The nave, which dates from about 1350, is very lofty for a village church, and is lighted on the south side by three windows, the westernmost being an elegant one of 2-lights, the other two of 3-lights. The windows on the north are similar in design, except that the stone tracery has been removed from the two 3-light windows and wooden carpenter’s gothic substituted ; in the north¬west corner a bad crack has made its appearance, and on each side of the chancel arch is another ominous fissure. The roof, formerly covered with lead, is now slated and in a very bad state. The north door has been long blocked up, but traces of the exterior stonework can still be seen. The nave is about 28 feet wide and (with the tower) 72 feet long.

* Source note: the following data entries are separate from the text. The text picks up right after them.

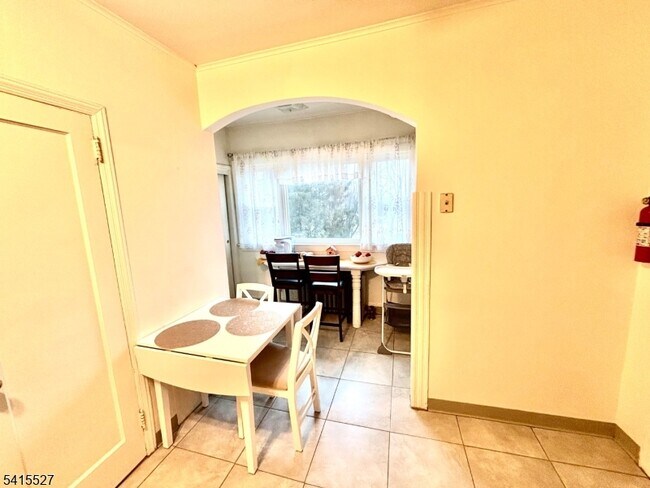 Foto del edificio - 196 Mt Kemble Ave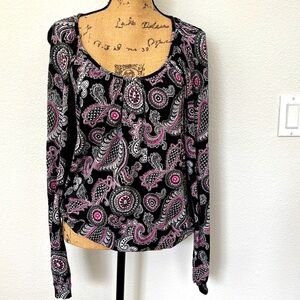 Women's Paisley Print Top - Black and Pink
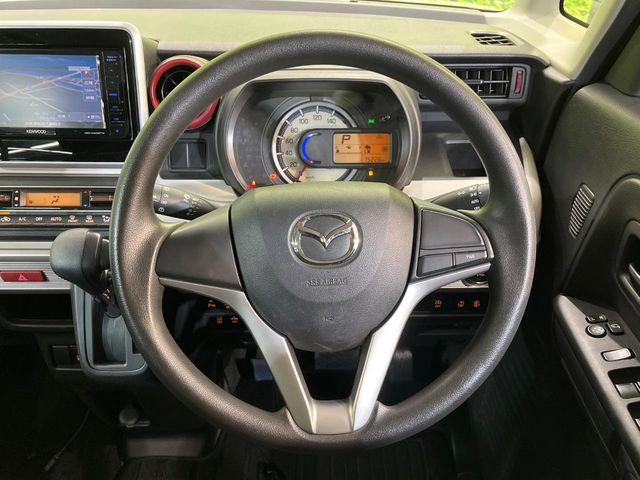 �C���e���A�ɍ��킹���f�U�C���̃X�e�A�����O�́A�^�]�������̂��Ƃ��l���A�^�]���₷���`��A�傫���ł��B�����x�A���ۂɐG���Ă��m���߂��������B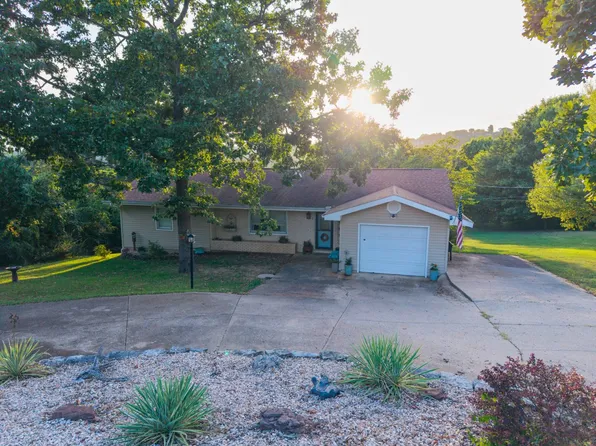 9 Woodland Ave, Kimberling City, MO 65686
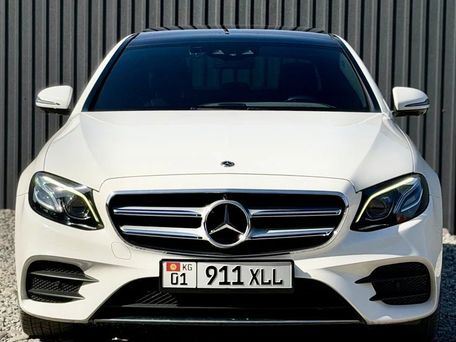 Mercedes-Benz E-Класс, 2019 — фото 1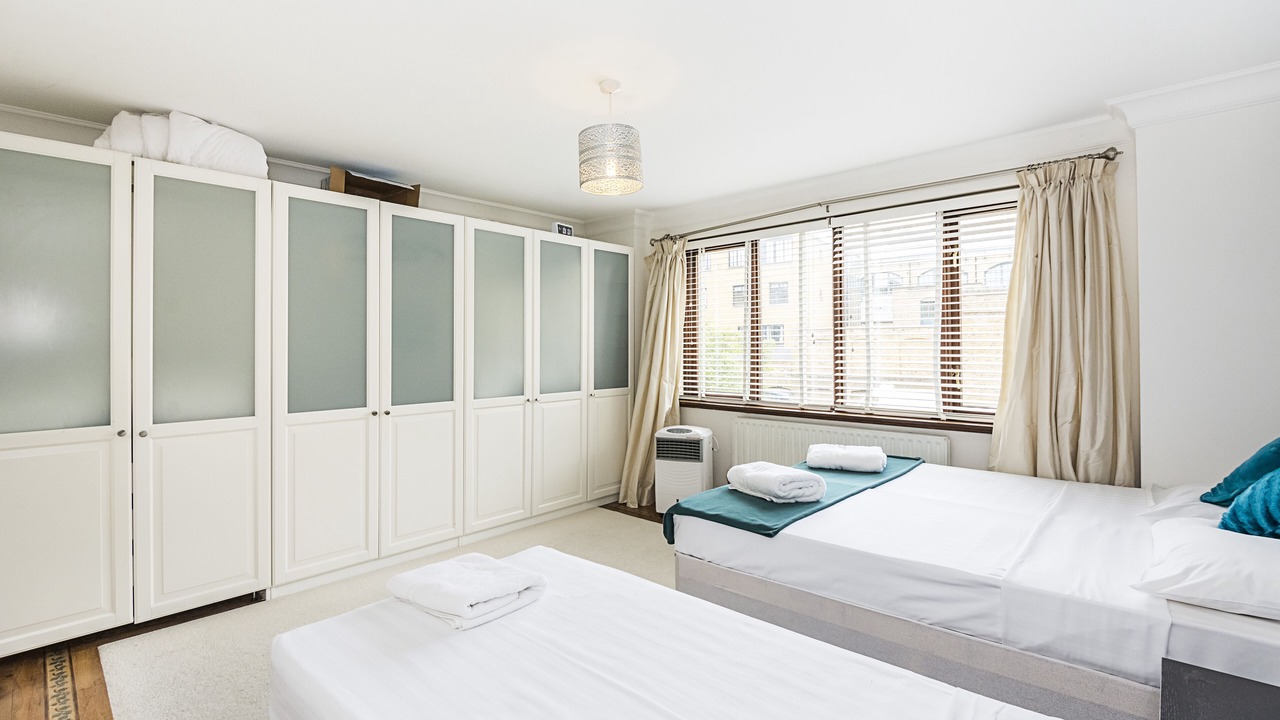 Photo of Bedroom in Island Gardens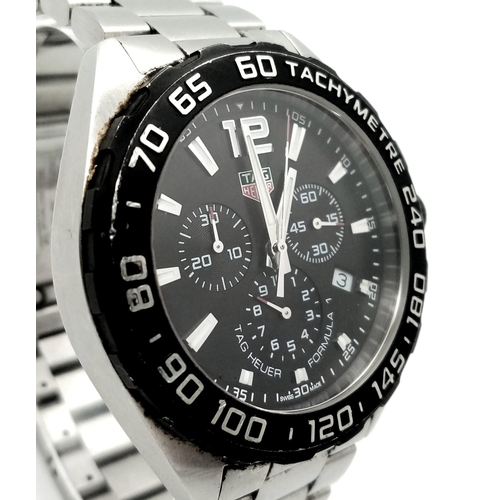 148 - A Tag Heuer Formula Chronograph Gents Watch. Stainless steel bracelet and case - 43mm. Black dial wi... 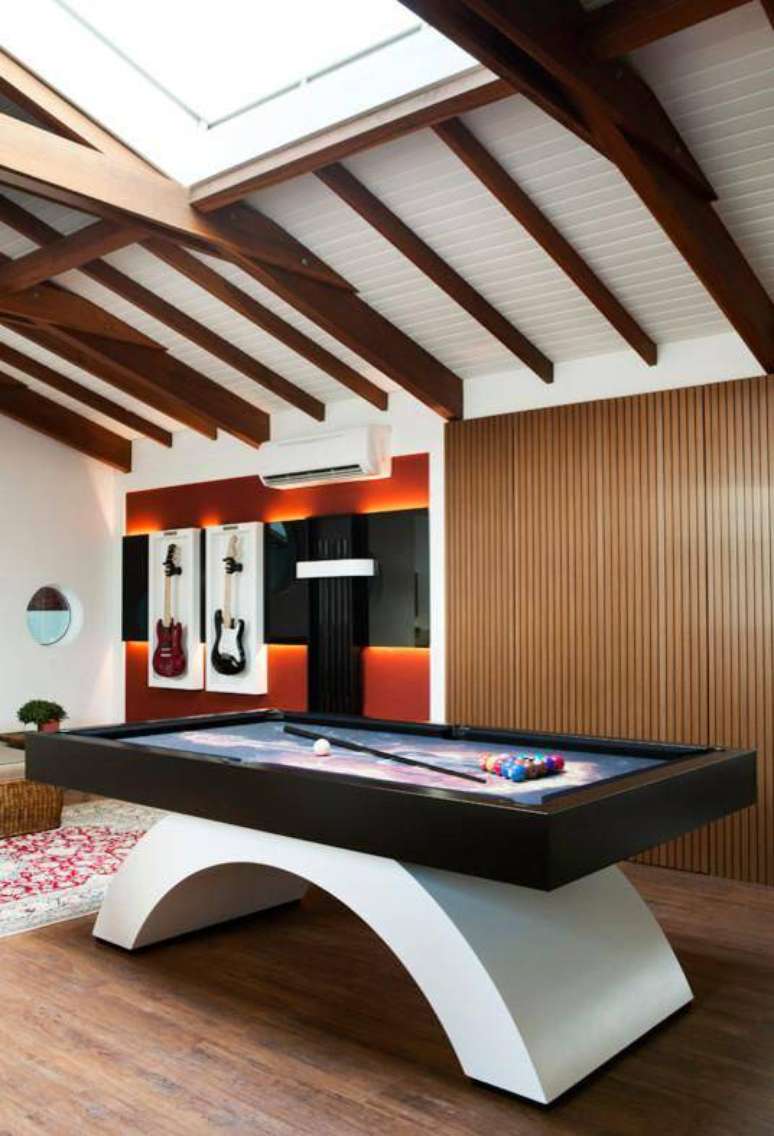 5. Decora&ccedil;&atilde;o de dia dos pais &ndash; mesa de sinuca e guitarras na parede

The chancel arch, which dates from about 1300, has had its pilaster and the stonework behind it cut away, on the north side, at a point about 4 feet from the ground for a height of about 8 feet, and subsequently a wooden pilaster substituted ; about a foot above the capital of this arch on the same side is an iron ring which may have been used for the Lenten veil; the south side of this arch deviates from the perpendicular southwards. There are the remains of a plain string course beneath the two 3-light windows on the south side. Behind the pulpit is the entrance to the rood-loft staircase; the steps have nearly disappeared, and the upper doorway opening has been blocked up ; a small window lights the staircase from the east. Over the blocked-up north door are the Royal Arms of George I.

“No ancient monuments are now visible, except the curious stone in the north-west corner of the nave with two matrices upon it, a full description of which appeared in the Hertfordshire Mercury of June 7th, 1902. Salmon states that many old stones here were robbed of their inscriptions at the time of the Reforming Rebellion (Civil War); of the modern memorials those of Crouch in the chancel and Slatholme in the nave are the most interesting.

The font is octagonal, a plain base supporting the shaft, which is ornamented with two tiers of recessed panels, sixteen in each tier. No trace of ornamentation appears in the lower series of panels, but in nine of the upper are remains of shields, each bearing an emblem of the Passion; one bearing the Crown of Thorns and another the three nails are the best preserved. This shaft supports a bowl ornamented with eight large open quatrefoils; its date is probably about 1450.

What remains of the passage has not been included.